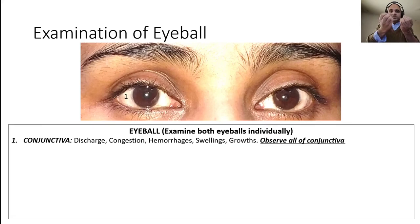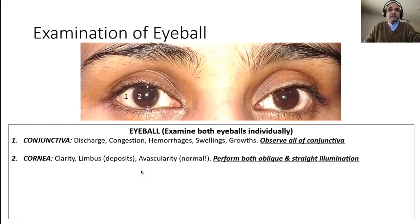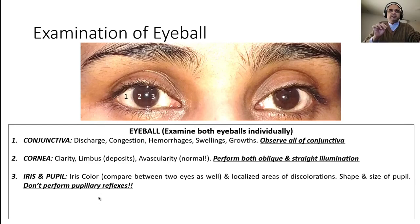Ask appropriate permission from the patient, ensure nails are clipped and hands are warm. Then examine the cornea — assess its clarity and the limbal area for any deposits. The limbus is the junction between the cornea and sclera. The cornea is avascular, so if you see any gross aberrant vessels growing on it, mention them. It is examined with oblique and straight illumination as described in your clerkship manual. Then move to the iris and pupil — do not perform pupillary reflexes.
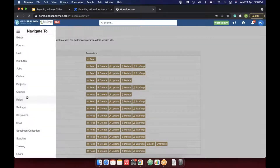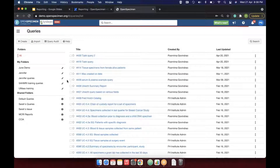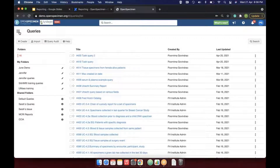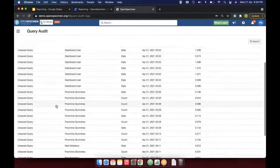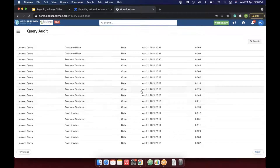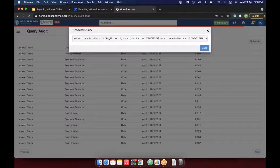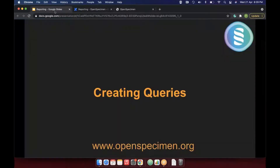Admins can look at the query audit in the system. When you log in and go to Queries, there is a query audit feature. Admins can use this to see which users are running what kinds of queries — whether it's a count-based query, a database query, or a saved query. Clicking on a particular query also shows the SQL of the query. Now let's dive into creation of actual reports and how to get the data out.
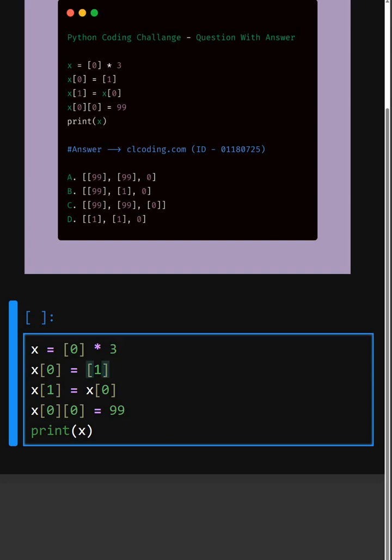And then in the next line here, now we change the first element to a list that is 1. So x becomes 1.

-----

Reproduce the material above verbatim; omit every picture.

Ask appropriate permission from the patient, ensure nails are clipped and hands are warm. Then examine the cornea — assess its clarity and the limbal area for any deposits. The limbus is the junction between the cornea and sclera. The cornea is avascular, so if you see any gross aberrant vessels growing on it, mention them. It is examined with oblique and straight illumination as described in your clerkship manual. Then move to the iris and pupil — do not perform pupillary reflexes.
Admins can look at the query audit in the system. When you log in and go to Queries, there is a query audit feature. Admins can use this to see which users are running what kinds of queries — whether it's a count-based query, a database query, or a saved query. Clicking on a particular query also shows the SQL of the query. Now let's dive into creation of actual reports and how to get the data out.
And then in the next line here, now we change the first element to a list that is 1. So x becomes 1.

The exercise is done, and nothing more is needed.